__WORK TO BE COMPLETED__
The part below that opens with the line containing "Apartament 2 camere" and closes with the line containing "新疆喀什地区+喀什古城+帕米尔高原+南疆6日5晚拼小团" should be copied exactly, minus any pictures.

__INPUT FOR THIS TASK__

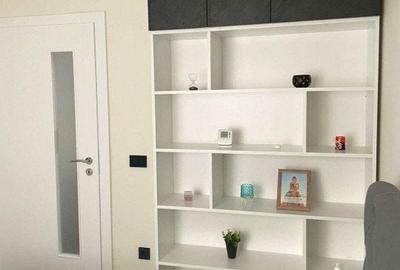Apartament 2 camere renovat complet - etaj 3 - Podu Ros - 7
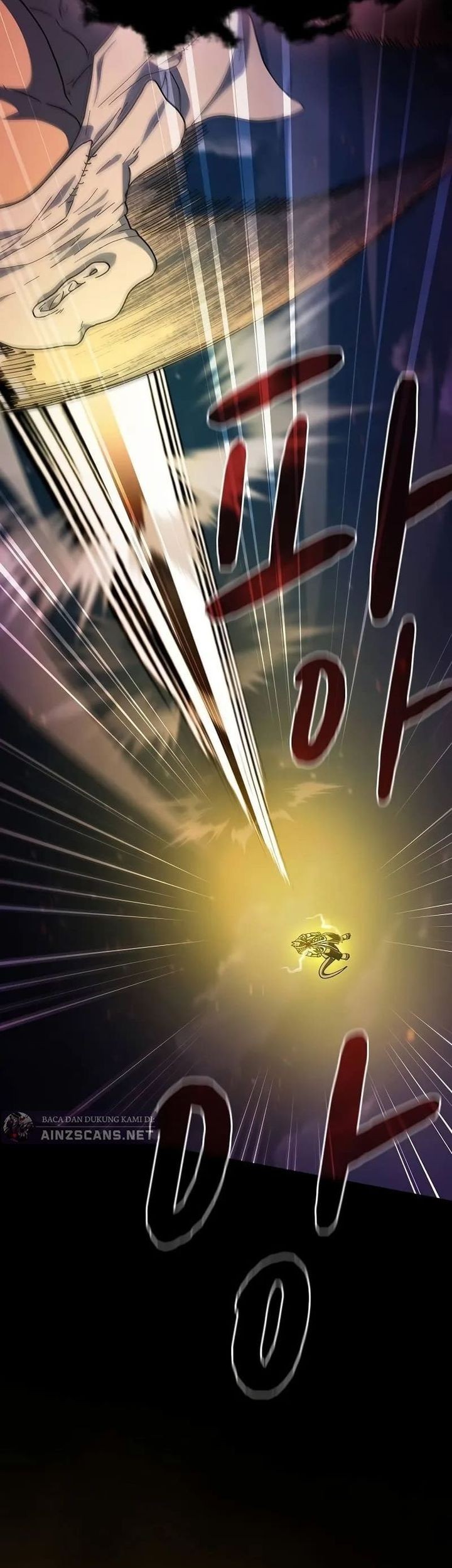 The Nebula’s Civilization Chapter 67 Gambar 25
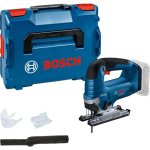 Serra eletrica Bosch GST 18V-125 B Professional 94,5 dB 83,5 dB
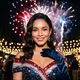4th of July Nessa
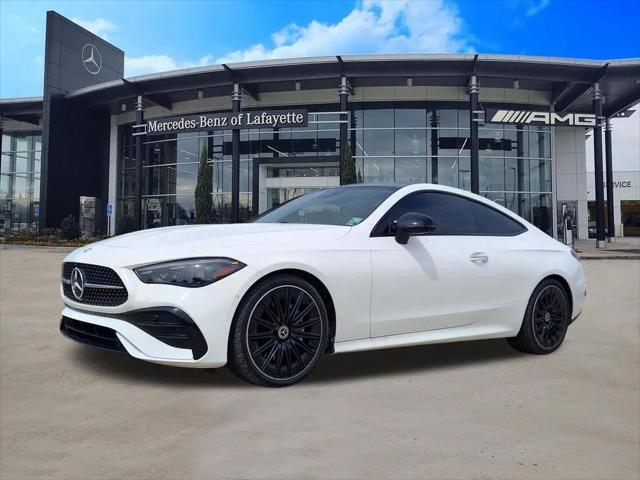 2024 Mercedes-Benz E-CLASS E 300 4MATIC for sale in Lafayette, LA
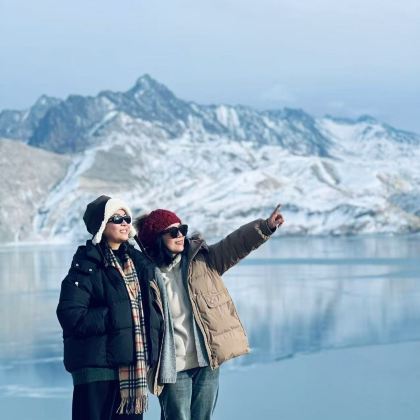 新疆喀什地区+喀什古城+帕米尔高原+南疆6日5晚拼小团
* * *
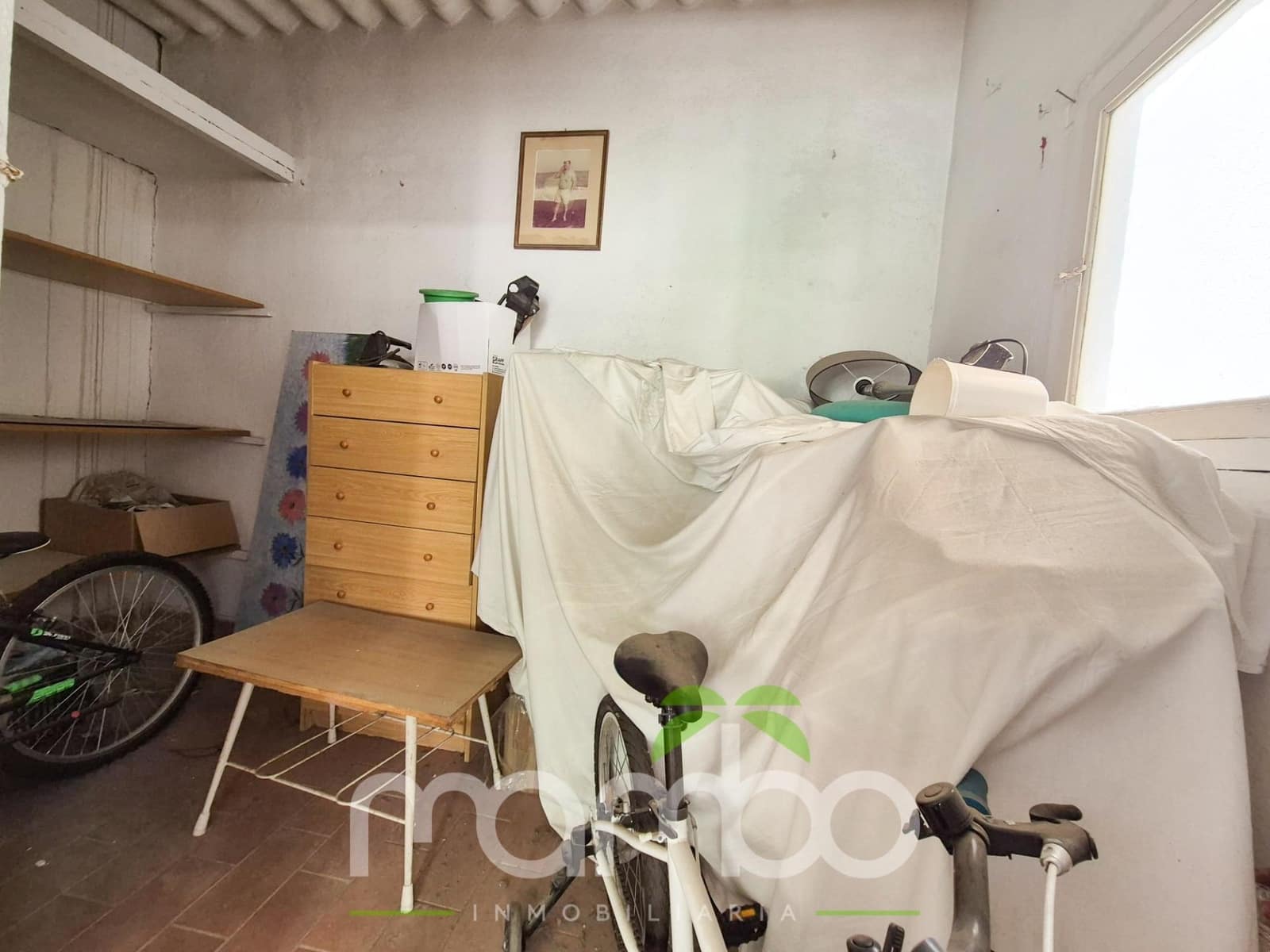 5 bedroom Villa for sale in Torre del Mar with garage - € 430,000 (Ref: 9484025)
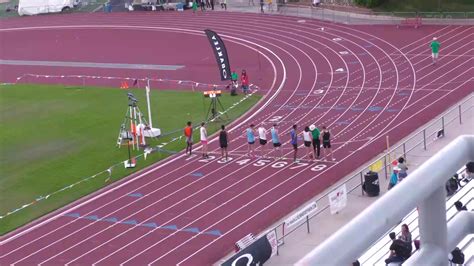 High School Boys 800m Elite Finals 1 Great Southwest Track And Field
--
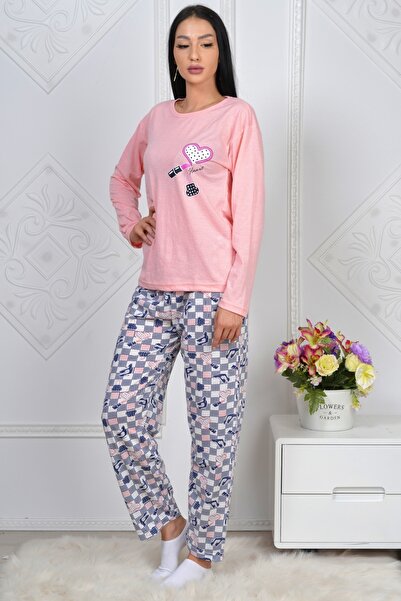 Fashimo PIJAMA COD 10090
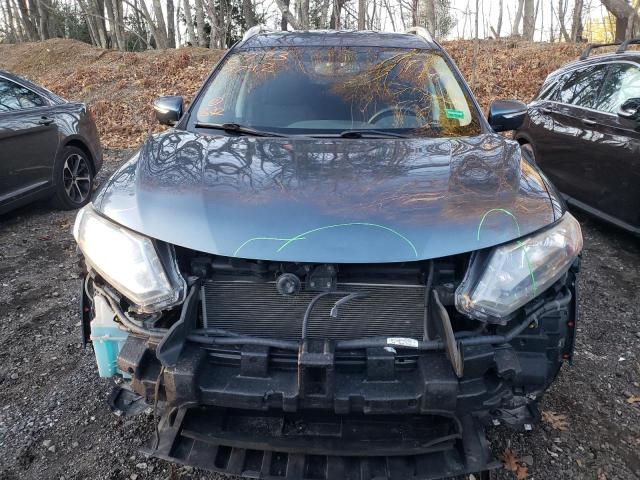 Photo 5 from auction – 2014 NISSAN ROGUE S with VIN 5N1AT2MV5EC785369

__TASK OUTPUT__
Apartament 2 camere renovat complet - etaj 3 - Podu Ros - 7
 The Nebula’s Civilization Chapter 67 Gambar 25
 Serra eletrica Bosch GST 18V-125 B Professional 94,5 dB 83,5 dB
4th of July Nessa
 2024 Mercedes-Benz E-CLASS E 300 4MATIC for sale in Lafayette, LA
 新疆喀什地区+喀什古城+帕米尔高原+南疆6日5晚拼小团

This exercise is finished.